Although many active adult communities feature single-family homes, there are a few that offer condominium living too. Although the majority of retirees prefer single-family homes, there are some who prefer the benefits of living in a condominium community. If you are weighing the choice between a single-family home and a condominium, here are a few pros and cons of condominium living.
Pros of Condo Living
- Little to No Maintenance – When you live in a condo, you don’t have to worry about yard work and the exterior maintenance of your home. Condos are often built smaller than homes and this means you have almost non-existent maintenance worries.
- Security – Most condos are staffed with a doorman or a front desk. This is extremely beneficial for seniors who like traveling and for seniors who live alone. The added security provides them a feeling of safety that you wouldn’t get when you live in a single-family home.

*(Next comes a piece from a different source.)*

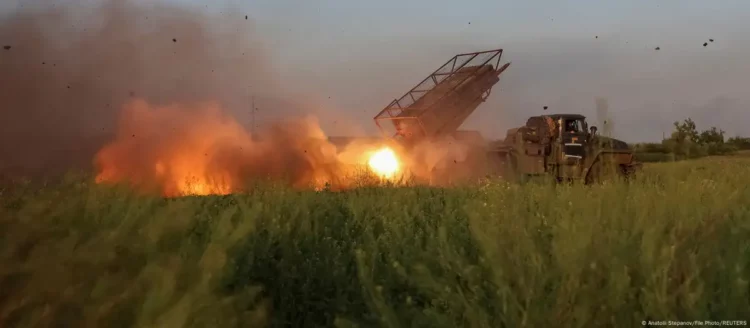 Pse Rusia po i shton sulmet ndaj Ukrainës?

- Location – Condos are, most often, built in urban areas where land is limited. This ensures that you are close to various amenities. You can be sure your condo is within proximity of malls, museums, and grocery stores.
- Affordability – Condominiums are more affordable than single-family homes.
Cons of Condo Living
- Shared Walls – Condominium dwellers often share one common wall. This can be a nuisance when your neighbor decides to throw a party or increase the volume on the TV.
- Higher Assessments – Although condominium living is more affordable than living in a single-family home, the monthly assessment charges may be more as benefits of security and elevators have to be paid for.
- Parking – Although condominium living offers parking spaces for its residents, you may have a bit of a distance to walk from the car park to your apartment. This can be extremely troublesome when you come back from your travels and have to lug your luggage home or when you have done your grocery shopping.
- Resale Value – Although condos are affordable, it can be difficult to get the price you want when you sell. This is because many retirees prefer single-family living to condominium living.